Due anni dopo Augusto la fece seppellire, accettò sesterzi per non distruggerne le effigi e, dopo aver fatto uccidere Cesarione, si camuffò da faraone. L’Egitto divenne una sua proprietà personale – anche perché ricco di orzo, grano, papiri e granito – e l’accesso senza un permesso fu interdetto anche ai senatori.
Con Azio cominciò un’altra storia, quella ufficiale: Cleopatra divenne la lussuriosa, Augusto l’Apollo pacificatore in grado di riportare il mondo all’età dell’oro, restaurando l’austerità romana in opposizione a quelle mollezze orientali che avevano sedotto Antonio. Una lettura eternata dall’arte, scritta nel marmo e narrata al Quirinale, dove Augusto è rappresentato preferibilmente come generale o sacerdote.
L’Augusto in marmo pario di Prima Porta, rinvenuto presso la villa di Livia sulla Flaminia e esposto nei Musei Vaticani, indossa la corazza dei legionari.
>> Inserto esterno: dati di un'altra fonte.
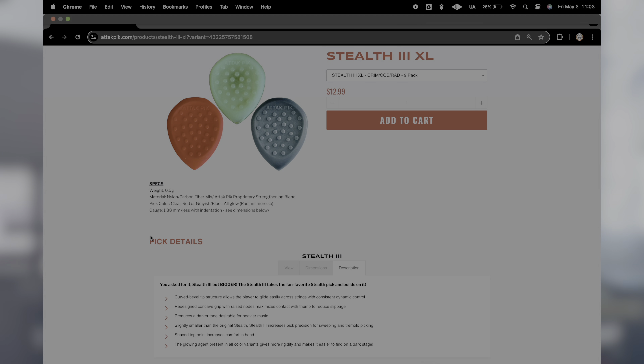Let's look at the specs. Weight: 0.5 grams. Material is nylon carbon fiber mix and Attack Pick's proprietary strengthening blend. Pick colors include clear, red, and grayish blue — all glow. The curved bevel tip structure allows the player to glide easily across strings with consistent dynamic control. The redesigned concave grip with raised nose maximizes contact with the thumb to reduce slippage.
L’Augusto di via Labicana del Palazzo Massimo alle Terme raffigura un pontefice massimo dai tratti maturi mentre svolge un sacrificio: ha la toga e un lembo del mantello gli ricade sul capo. Curiosamente, la toga cambiò foggia proprio per volontà dell’imperatore, divenendo più ampia in modo da distinguersi dal mantello greco: il rispetto autarchico delle tradizioni romane era un cardine della sua ideologia. Nel Chiostro del Bramante, tuttavia, fa mostra di sé un bassorilievo in arenaria policroma proveniente dal tempio di Kalabsha, in Bassa Nubia, in prestito dal Museo Champollion di Figéac. Un faraone sta celebrando un’offerta agli dei. È vestito come il più ortodosso degli egizi, con il copricapo nemes in bella vista. Il suo nome, in geroglifico, è Augusto.